Anti-Pattern 4: Overengineering Auth for Single User
What people do: Implement full OAuth2/OIDC, JWT refresh tokens, role-based access control.
Why it's wrong:
- Single user doesn't need roles
- Complexity adds attack surface
- More code to maintain
- Personal app accessible only on your network
Do this instead: Simple session-based auth with a password. Consider basic HTTP auth behind a reverse proxy, or even IP-based allowlisting if only accessible from home network.
Integration Points
External Services
| Service | Integration Pattern | Notes |
|---|---|---|
| None required | N/A | Self-hosted, no external dependencies by design |
| Optional: Reverse Proxy | HTTP | Nginx/Traefik for HTTPS termination if exposed to internet |
| Optional: Backup | File copy | Simple rsync/backup of data/ directory contains everything |
Internal Boundaries
| Boundary | Communication | Notes |
|---|---|---|
| Frontend <-> Backend | REST/JSON over HTTP | OpenAPI spec recommended for documentation |
| API Handlers <-> Services | Direct function calls | Same process, no serialization |
| Services <-> Repositories | Interface calls | Enables mocking in tests |
| Services <-> File Storage | Interface calls | Abstracts local vs future S3 |
Database Schema Overview
-- Core entities
CREATE TABLE notes (
id TEXT PRIMARY KEY,
title TEXT,
body TEXT NOT NULL,
type TEXT CHECK(type IN ('note', 'task')) NOT NULL,
status TEXT CHECK(status IN ('open', 'done', 'archived')), -- for tasks
created_at DATETIME DEFAULT CURRENT_TIMESTAMP,
updated_at DATETIME DEFAULT CURRENT_TIMESTAMP
);
-- Full-text search (virtual table synced via triggers)

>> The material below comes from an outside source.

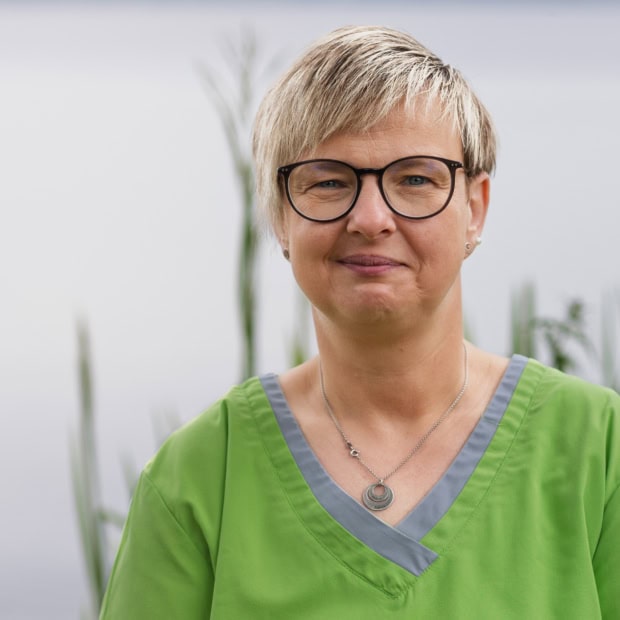 10. Sandra Bäker Ärztin in grüner Praxisuniform vor Praxis am Glockenturm.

CREATE VIRTUAL TABLE notes_fts USING fts5(
title,
body,
content='notes',
content_rowid='rowid'
);
-- Tags (many-to-many)
CREATE TABLE tags (
id TEXT PRIMARY KEY,
name TEXT UNIQUE NOT NULL
);
CREATE TABLE note_tags (
note_id TEXT REFERENCES notes(id) ON DELETE CASCADE,
tag_id TEXT REFERENCES tags(id) ON DELETE CASCADE,
PRIMARY KEY (note_id, tag_id)
);
-- Attachments (images)
CREATE TABLE attachments (
id TEXT PRIMARY KEY,
note_id TEXT REFERENCES notes(id) ON DELETE CASCADE,
hash TEXT NOT NULL, -- content hash, also filename
filename TEXT, -- original filename
mime_type TEXT NOT NULL,
size_bytes INTEGER,
created_at DATETIME DEFAULT CURRENT_TIMESTAMP
);
-- Indexes
CREATE INDEX idx_notes_type ON notes(type);
CREATE INDEX idx_notes_created ON notes(created_at DESC);
CREATE INDEX idx_attachments_note ON attachments(note_id);
CREATE INDEX idx_attachments_hash ON attachments(hash);
Build Order Implications
Based on component dependencies, suggested implementation order:
-
Phase 1: Data Foundation
- SQLite setup with migrations
- Basic schema (notes table)
- Repository layer for notes
- No FTS5 yet (add later)
-
Phase 2: Core API
- REST API handlers for notes CRUD
- Service layer
- Basic frontend with note list/create/edit
-
Phase 3: Tasks Differentiation
- Add type column (note vs task)
- Task-specific status handling
- Frontend task views
-
Phase 4: Tags
- Tags table and junction table
- Tag CRUD API
- Tag filtering in frontend
-
Phase 5: Image Attachments
- File storage abstraction
- Upload API with validation
- Attachment records in DB
- Frontend image upload/display
-
Phase 6: Search
- FTS5 virtual table and triggers
- Search API with ranking
- Search UI with highlighting
-
Phase 7: Containerization
- Dockerfile (multi-stage)
- docker-compose.yml
- Volume mounts for data persistence
Rationale: This order ensures each phase builds on working foundation. Notes must work before tasks (which are just notes with extra fields). Tags and attachments can be added independently. Search comes later as it indexes existing content. Containerization last so development is simpler.
Sources
- Standard Notes Self-Hosting Architecture - API Gateway, Syncing Server patterns
- Flatnotes - Database-less Architecture - Simple markdown file storage approach
- Evernote Data Structure - Note/Resource/Attachment model
- Task Manager Database Schema - Tags and task relationships
- SQLite FTS5 Extension - Full-text search implementation (HIGH confidence - official docs)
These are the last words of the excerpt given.